● **Problem to solve**
In the entries that follow, the lines from the line containing "I just picked" up to and including the line containing "So what it looks" must be copied exactly, with pictures omitted.

(Stored data entries)
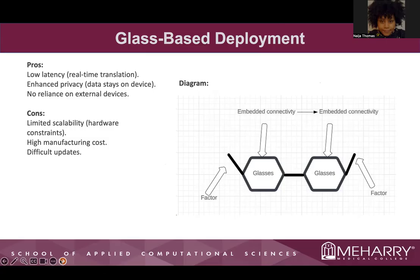On the right, you can see the diagram I created. There is an embedded connectivity within the inside of the glasses, and there are different factors that also play a role in creating these glasses.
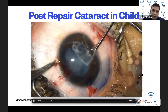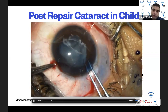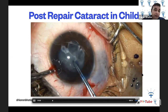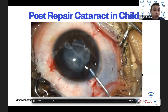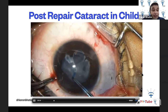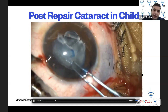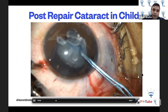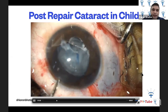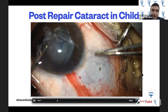Converting the anterior capsular tear into a rhexis using Haldipurkar forceps. Pediatric eyes behave very differently from adult eyes — you cannot take the rhexis to the outside but must pull it toward the center, otherwise it will result in an extension. This is a key difference in performing rhexis in pediatric versus adult eyes. It is a very slow maneuver with repeated viscoelastic injection. Fibrotic areas require micro scissors to cut through.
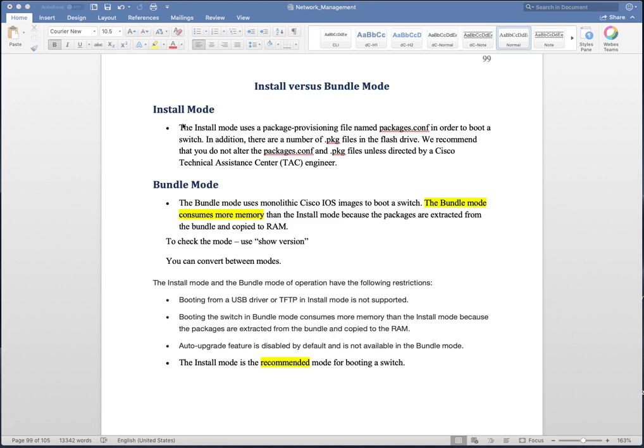As you can see on my screen, there are descriptions for install mode and bundle mode. Install mode uses the package provisioning file named packages.conf in order to boot a switch, while in bundle mode you simply boot your switch with a .bin file. To verify what mode you are in, you can do a show version on your switch and at the very end it will tell you what software was used to boot the switch and show you the mode. I'll show you the output later in this video.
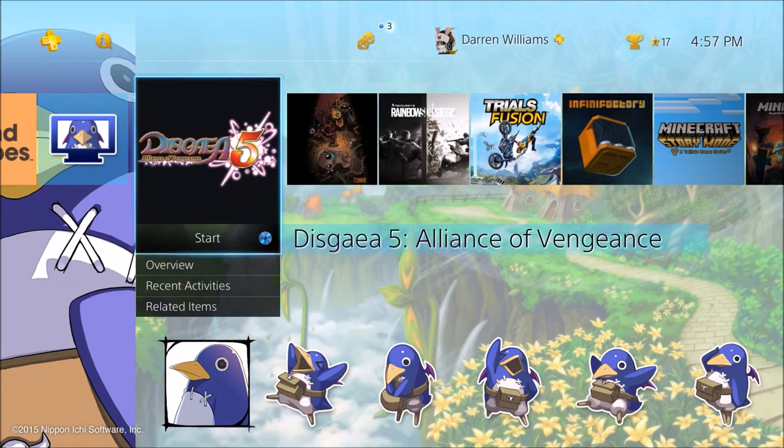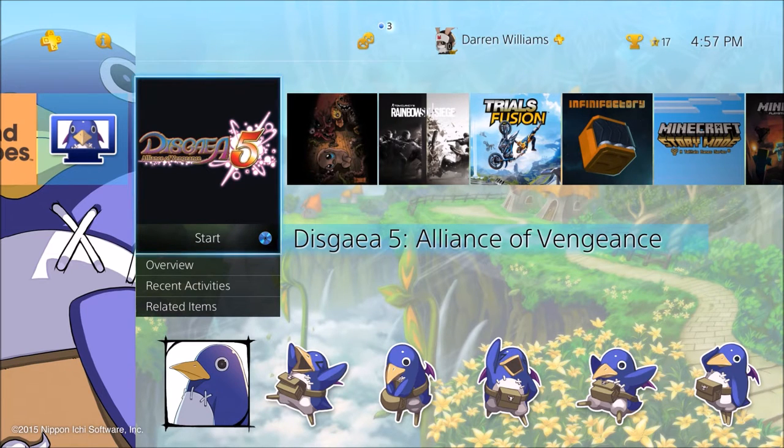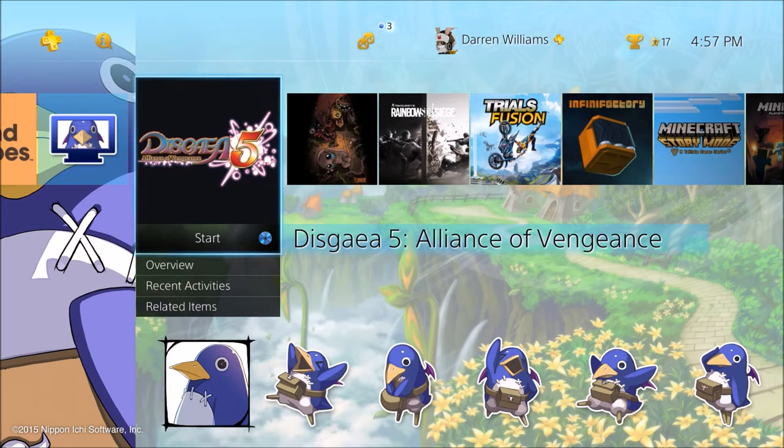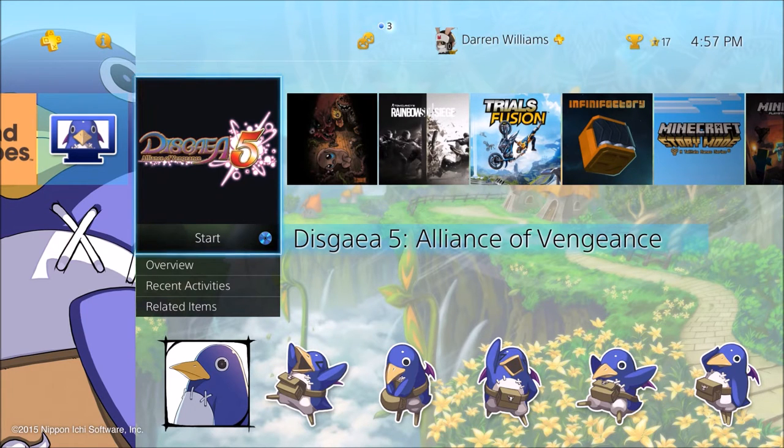I just picked up Disgaea 5, been playing that a lot and the Prinny is pretty cool little penguin dude. But anyways, I'm gonna stay quiet just so you can get a feel for it.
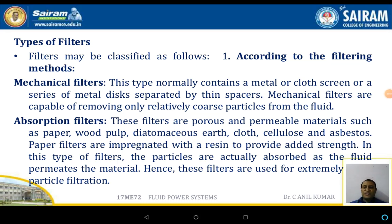Welcome to the session on filters in fluid power systems. Filters are classified according to filtering methods. The first classification is mechanical filters, which normally contain metal screens or a series of metal discs separated by thin spaces. Mechanical filters are capable of removing only relatively coarse material from fluids or oils. If the particle size is still smaller, you have to go for absorption filters.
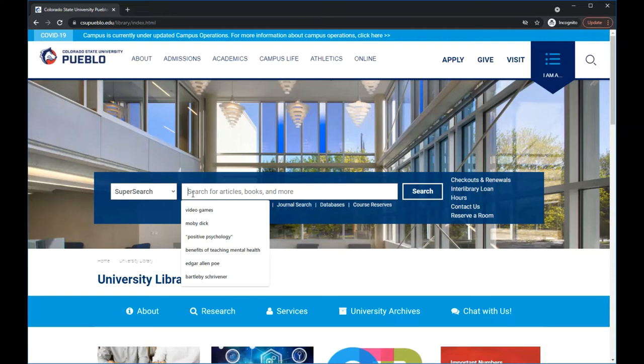Let's try a search. SuperSearch defaults to a keyword search, so it's a good idea to start by searching a few words about your topic, avoiding questions.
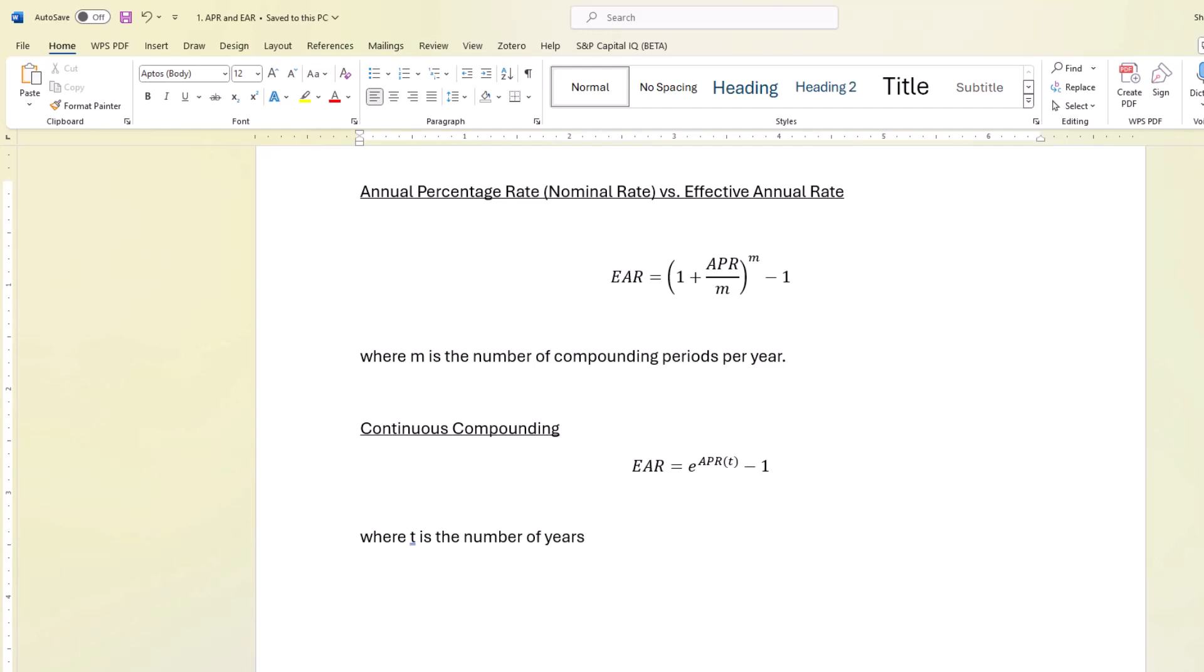So what it looks like is that the effective annual rate or the effective rate is equal to the exponential function APR multiplied by T, the number of years, minus 1.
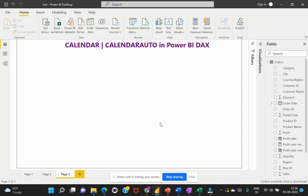There are two powerful DAX functions provided in Power BI Desktop to create a date table: the CALENDAR function and the CALENDARAUTO function. We'll understand the difference between them and when to use each one. Let's go into the demo now.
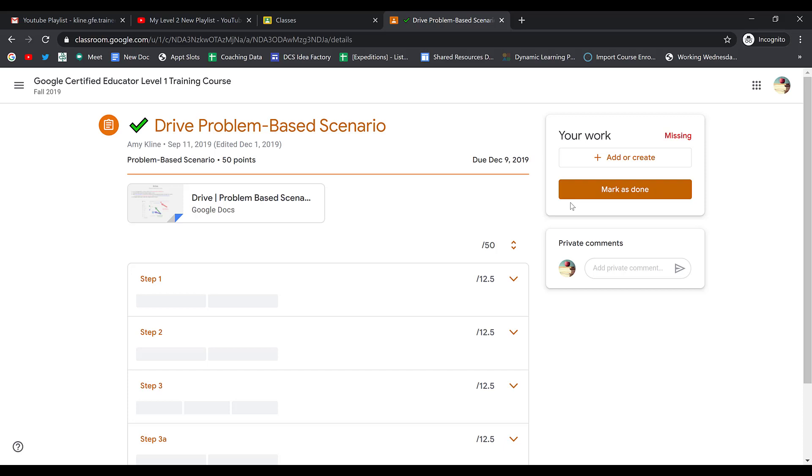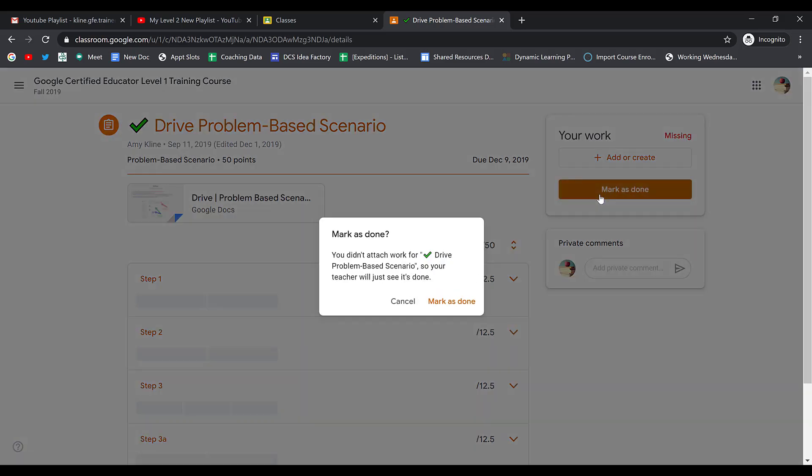If there's nothing for me to submit here, I simply click Mark as Done. When you click Mark as Done, it'll let you know that you didn't attach any work. Your teacher is just going to know that you've completed the assignment.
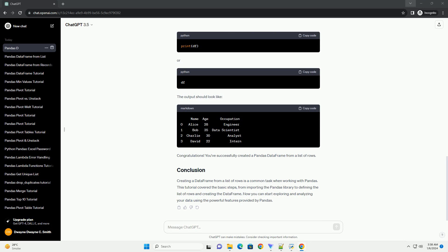First, import the pandas library in your Python script or Jupyter notebook.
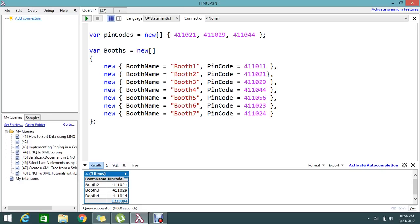Here I have one real-time example. I have a set of pin codes that actually define the booth selection. So there are seven booths — booth one has pin code XYZ, and so on. Here I want to find the booth which is present in the selected pin codes. So I want to map the booth with that pin code, and I'll show you how we are mapping and what the 'in' operator does here.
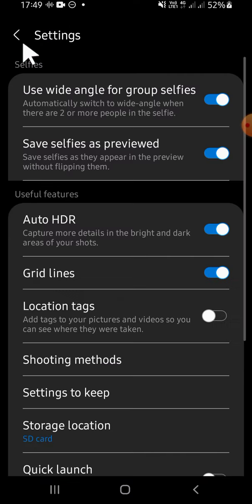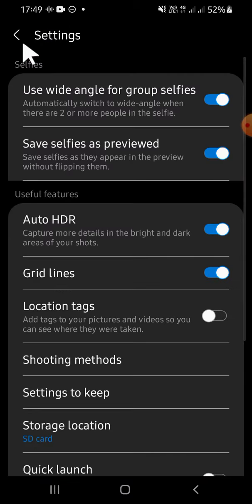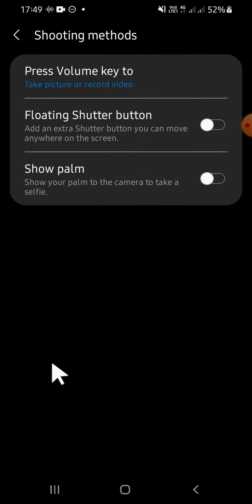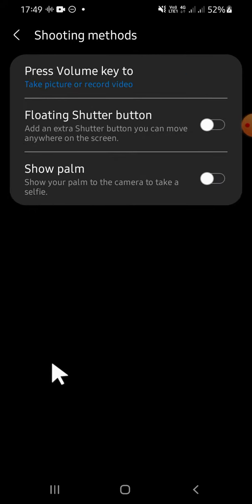Then you're going to tap on the camera settings. Tap on the settings and then click on the shooting methods.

● **Output for this exercise**
I just picked up Disgaea 5, been playing that a lot and the Prinny is pretty cool little penguin dude. But anyways, I'm gonna stay quiet just so you can get a feel for it.
Welcome to the session on filters in fluid power systems. Filters are classified according to filtering methods. The first classification is mechanical filters, which normally contain metal screens or a series of metal discs separated by thin spaces. Mechanical filters are capable of removing only relatively coarse material from fluids or oils. If the particle size is still smaller, you have to go for absorption filters.
Let's try a search. SuperSearch defaults to a keyword search, so it's a good idea to start by searching a few words about your topic, avoiding questions.
So what it looks like is that the effective annual rate or the effective rate is equal to the exponential function APR multiplied by T, the number of years, minus 1.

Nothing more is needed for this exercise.